## [Task details]
Since only the text is wanted, print every entry below exactly and omit the images.

Start of Dataset

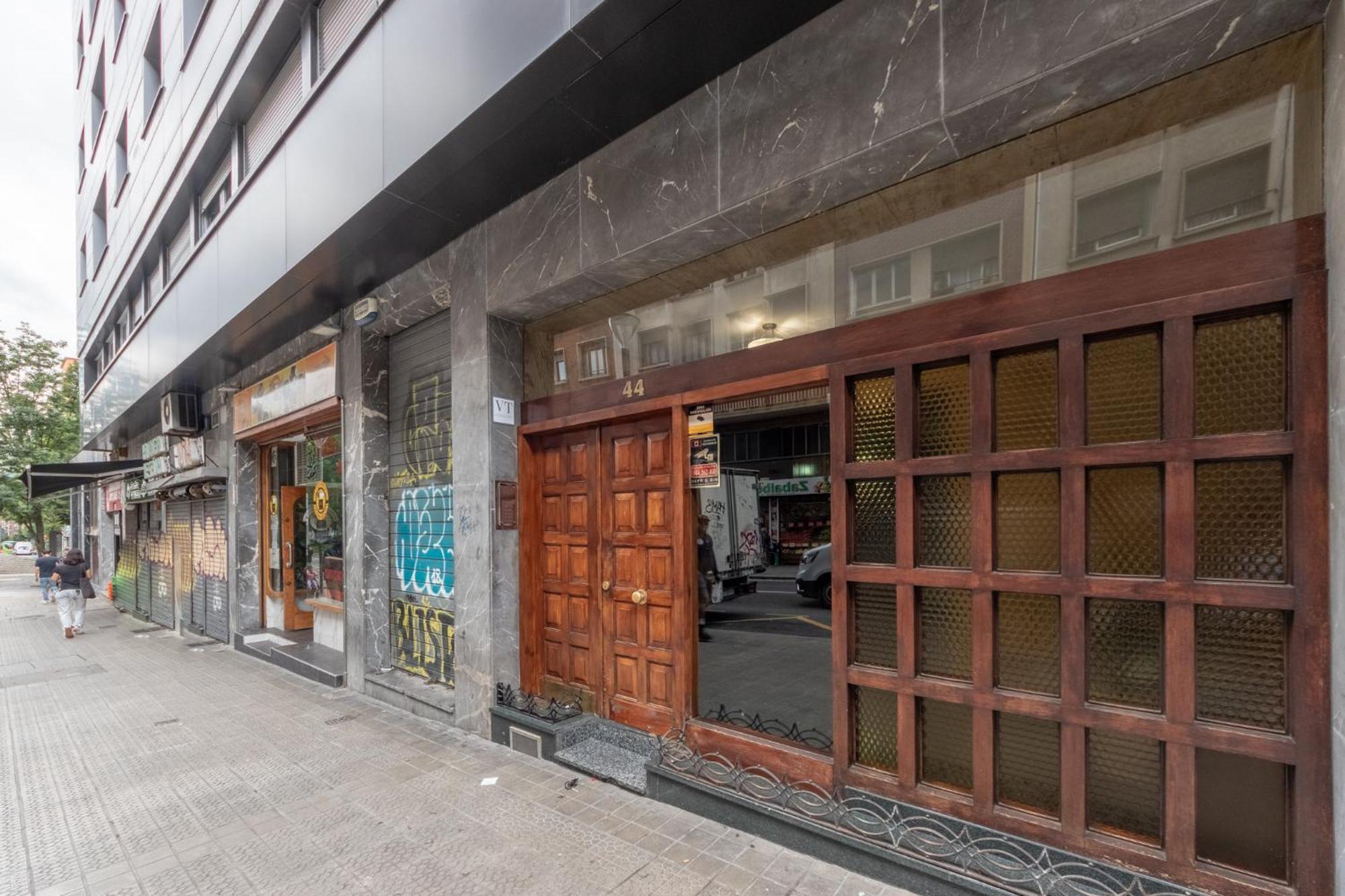 Amplio Y Acogedor Junto A Plaza Zabalburu Daire Bilbao Dış mekan fotoğraf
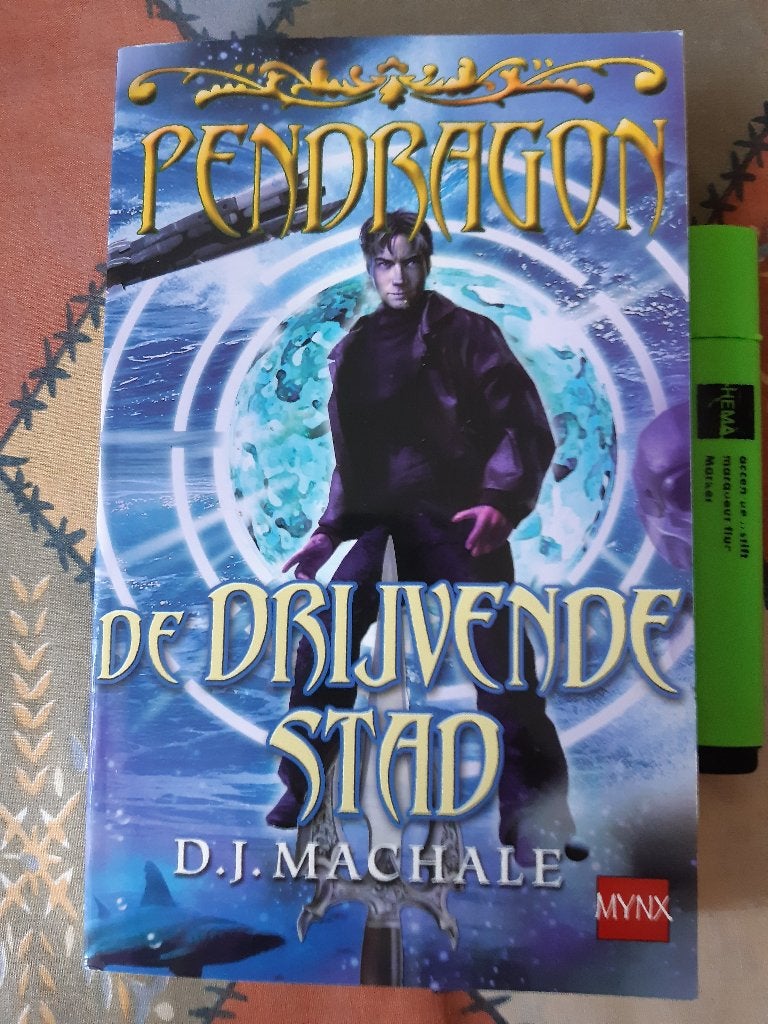 D.j.machale:pendragon de drijvende stad 9789022546710, Ophalen, Gelezen, D.j.machale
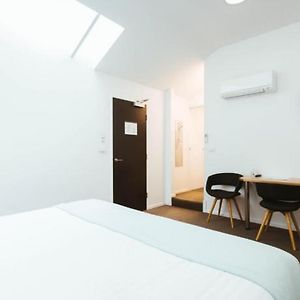 the BALMORAL KING INTERNAL SKYLIGHT ROOM 8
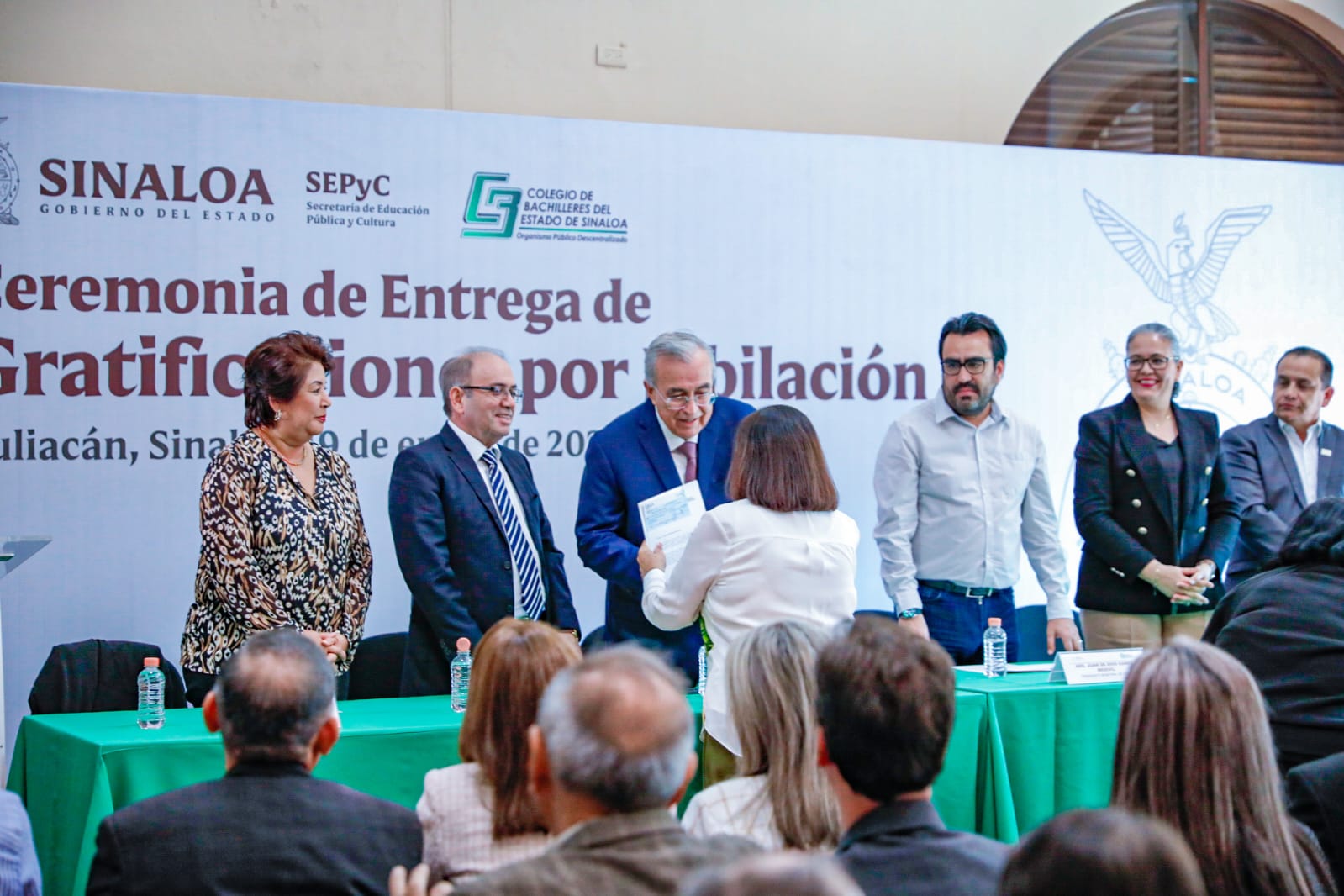 Rocha entrega gratificaciones por jubilación a personal de Cobaes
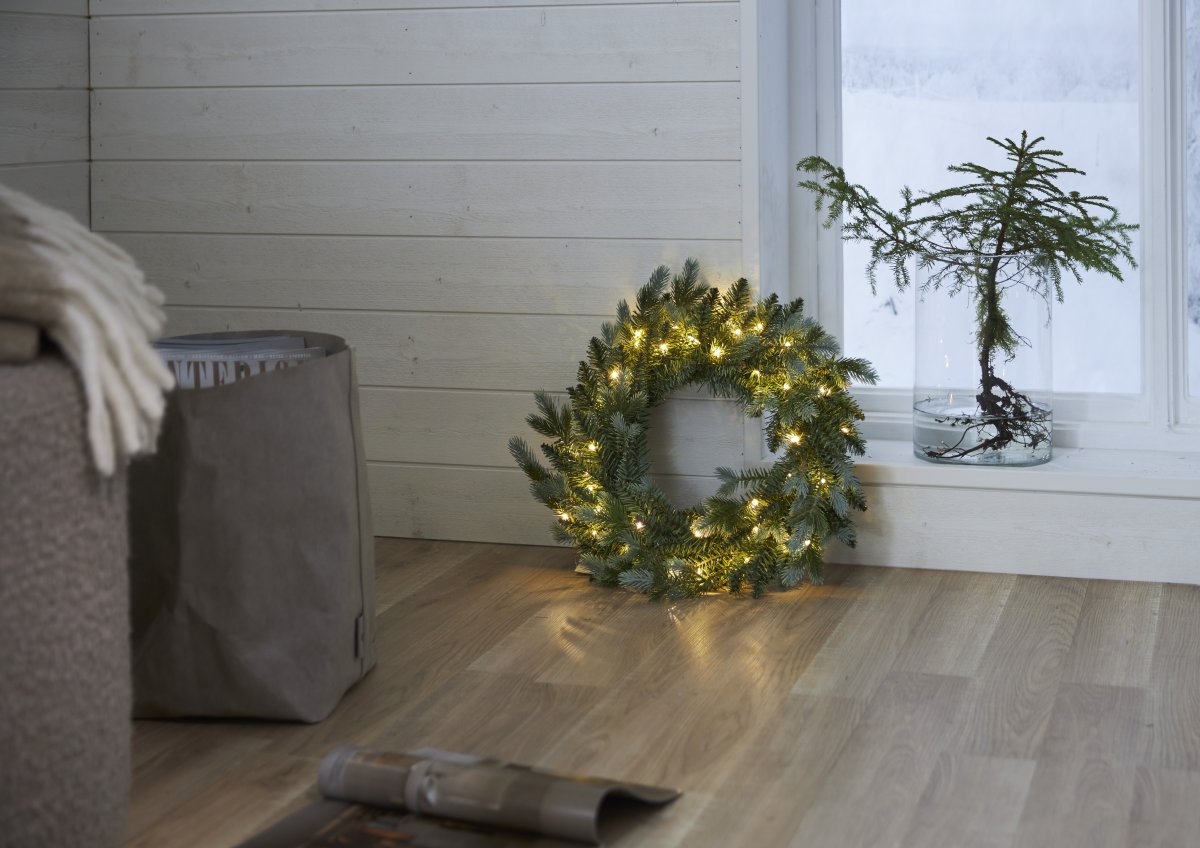 Greyland Ø55 Verde De Star Trading - Consiste en una mezcla de puntas de PE y puntas de PVC con un hermoso aspecto brillante de color verde verdoso.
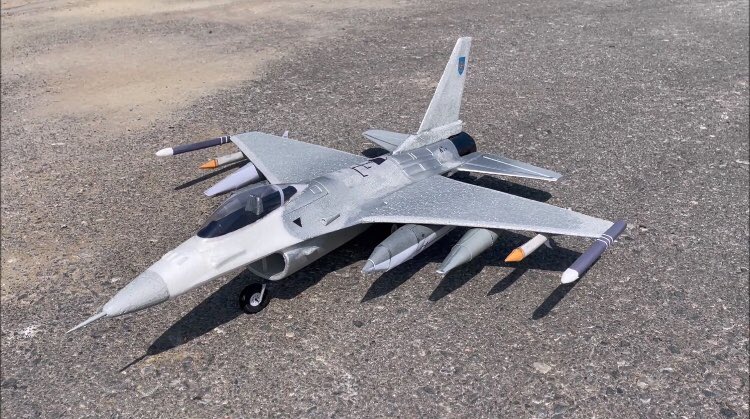 Alraisi2d's tweet photo. وبعد ثلاثة اشهر انتهيت من صناعة طائرة F-16 من سلاح الجو السلطاني العماني، استخدمت فيها محرك نفاث (كهربائي)، سرعة الطائرة القصوى ١٢٠ كم/ساعة، هذي بعض الصور من رحلة الطيران الأولى، رح اعرض فيديو الطيران في العيد الوطني

(الأسلحة على الطائرة غير حقيقية)

#العيد_الوطني_51_المجيد https://t.co/OLm0MQ5S3t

End of Dataset

## [Response for this exercise]
 Amplio Y Acogedor Junto A Plaza Zabalburu Daire Bilbao Dış mekan fotoğraf
 D.j.machale:pendragon de drijvende stad 9789022546710, Ophalen, Gelezen, D.j.machale
 the BALMORAL KING INTERNAL SKYLIGHT ROOM 8
 Rocha entrega gratificaciones por jubilación a personal de Cobaes
 Greyland Ø55 Verde De Star Trading - Consiste en una mezcla de puntas de PE y puntas de PVC con un hermoso aspecto brillante de color verde verdoso.
 Alraisi2d's tweet photo. وبعد ثلاثة اشهر انتهيت من صناعة طائرة F-16 من سلاح الجو السلطاني العماني، استخدمت فيها محرك نفاث (كهربائي)، سرعة الطائرة القصوى ١٢٠ كم/ساعة، هذي بعض الصور من رحلة الطيران الأولى، رح اعرض فيديو الطيران في العيد الوطني

(الأسلحة على الطائرة غير حقيقية)

#العيد_الوطني_51_المجيد https://t.co/OLm0MQ5S3t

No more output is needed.